Nietzsche çağları aşan bir perspektifi, insan yaşamına dair vurgularla yazmış ve yaşamıştır. Onu anlamak zor, yanlış anlamak ise çok kolaydır. A. Onur Aktaş, Nietzsche'nin en önemli kavram ve anlatılarını, yaşadığımız toprağın kültürüne dair söylemleri de katarak o kadar berrak anlatıyor ki geçmişte okuduğunuz herhangi bir Nietzsche kitabını belki dönüp yeniden yorumlamanızı yeni çıkarımlar sağlamanızı olanaklı kılıyor. Ancak Aktaş'ın kitabında sadece Nietzsche ile beraber değiliz. Schopenhauer'un müziği, Aristoteles'in mutluluğu, Smith'in duyguları da bizlerle…

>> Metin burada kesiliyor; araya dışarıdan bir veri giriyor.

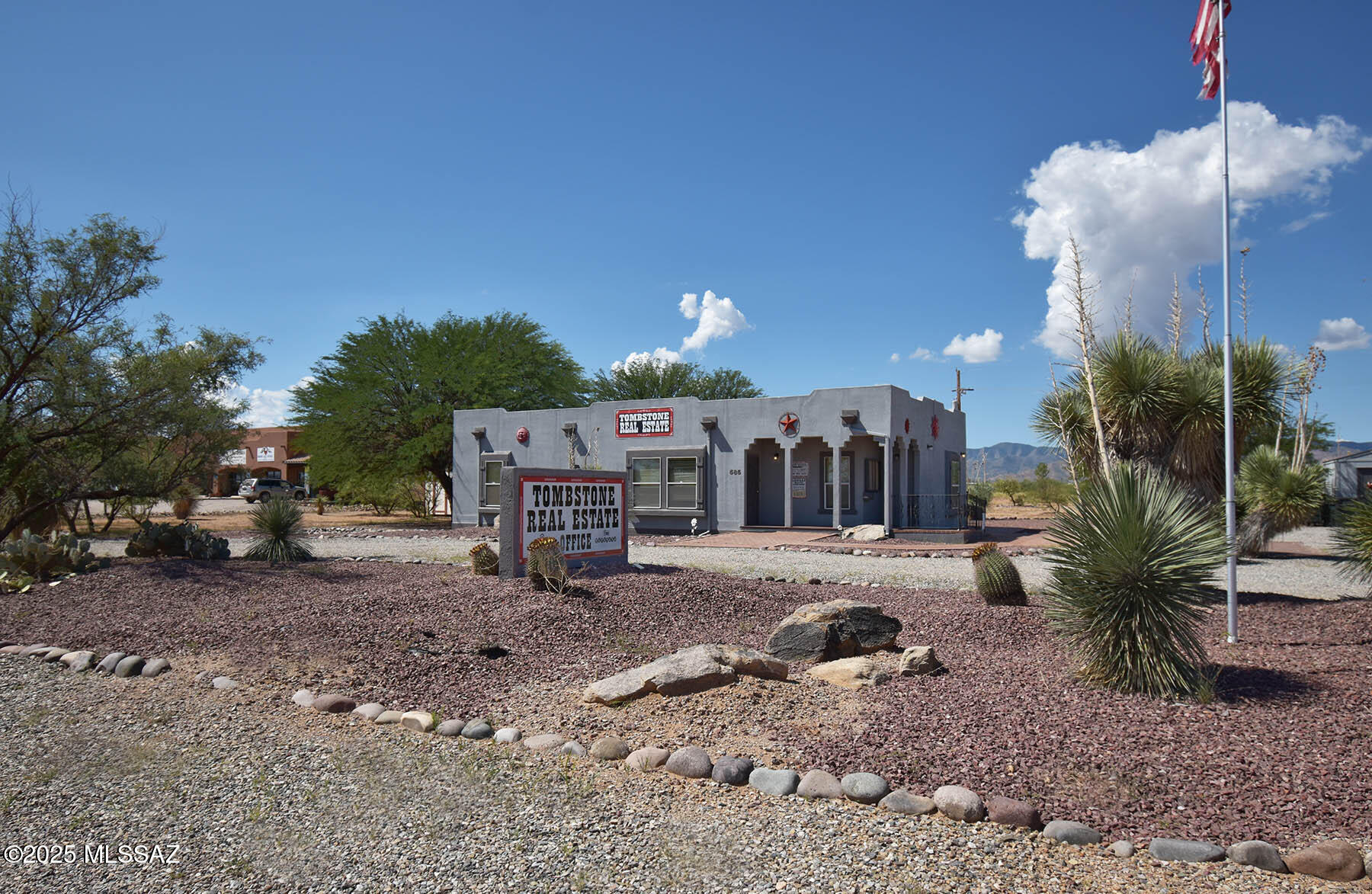 Custom-built Santa Fe style modular office building on 1.11 acres with 1,530 sf of versatile space; formerly a real estate office but easily adapted for business or single-family use. Located on a corner lot along Frontage Rd just off Hwy 191, this property offers high visibility and growth potential, especially with the planned Port of Entry in Douglas expected to boost traffic and investment in the area. Bright open reception area with abundant windows, break room, two private offices with storage, plus a spacious conference room/office. Large back porch has outstanding views of the Dragoon Mountains. Big one-plus acre lot gives you lots of space to work with. Matching storage shed included. Strong location, solid construction, and unlimited possibilities.
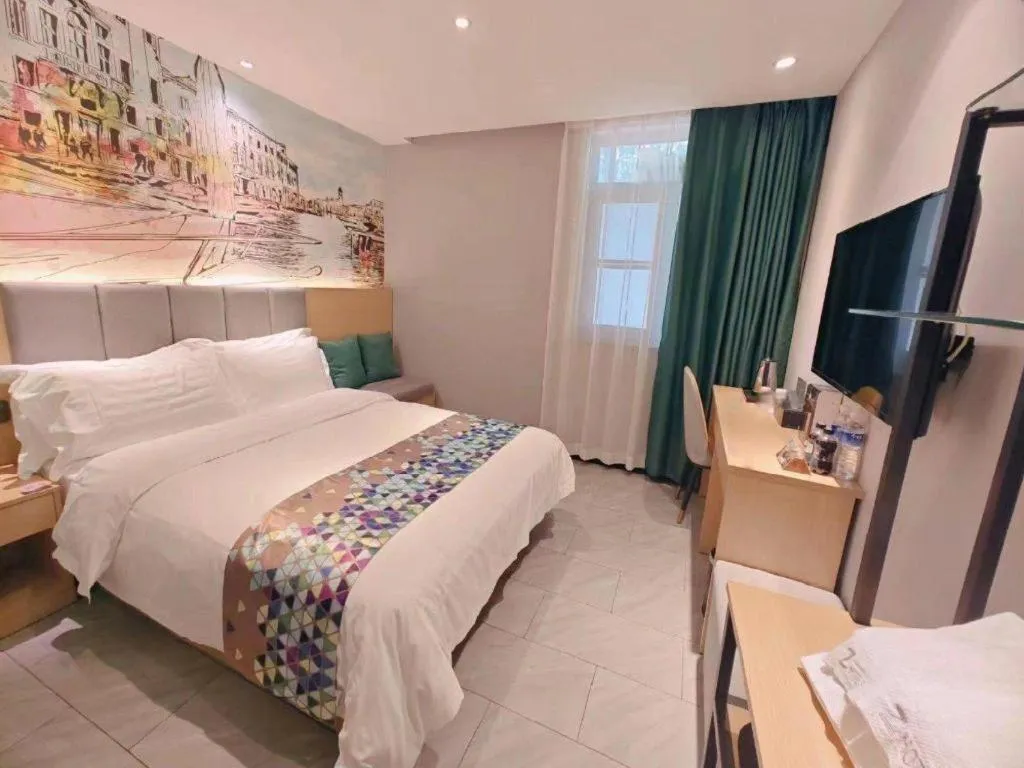 Bed in ZMAX Hotel Beijing Tongzhou Universal Tourist Resort Linheli Metro Station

Ölümün farkında olan tarafımız soruyor, "Aciz bir varlık olduğunu biliyorsun, peki yaşadığının farkında olarak mı yaşıyorsun? Bu senin hayatın mı? Yoksa büyüklerinin, öğretmenlerinin, din insanlarının, politikacılarının, reklamcılarının, medyanın sana biçtiği rolü oynayan ruhsuz, kuru bir aktör müsün? Kendi düşüncelerini oluşturmaya, kendi hayatını yaşamaya çabaladın mı? Kimin hayatını yaşıyorsun?" Bu sorular ister istemez huzursuzluk yaratacaktır… Huzursuzluk, eğer can kulağıyla dinlenilirse aslında bir çağrıdır. Bu başka birileri ile ilgili bir sorun değildir. Dolaysız, vasıtasız, her an, doğrudan, içerden bizi ilgilendiren bir çağrıdır.
Düşünce'nin bizzat kendisi, otorite ile konuşmak, ona sorular yöneltmek ve eleştirmek ister. Anlamak ister. Kendi gözleri ile görüp, kendi gönlü ve aklı ile reddetmek veya onaylamak ister. İyi yaşam, kendisine sunulanı hemen kabul etmeyen, huzursuzluklarını, arayışını, kaygılarını ve sorularını asla küçük görmeyen cevval insanda ifadesini bulur. Saygı, sorgulamayı, eleştirmeyi, zorlamayı, arayışı ve anlamı gerektirir. Kültür, sınır çekenlerin bu sınırları muhafaza çabalarından daha çok, o sınırı sorgulamayı tercih edenlerin marifetidir. Yazar Nietzsche felsefesinin önemli noktalarını, büyük bir ustalıkla ve öylesine anlaşılır bir dille aktarıyor ki Nietzsche okumak hiç olmadığı kadar keyifli bir hal alıyor!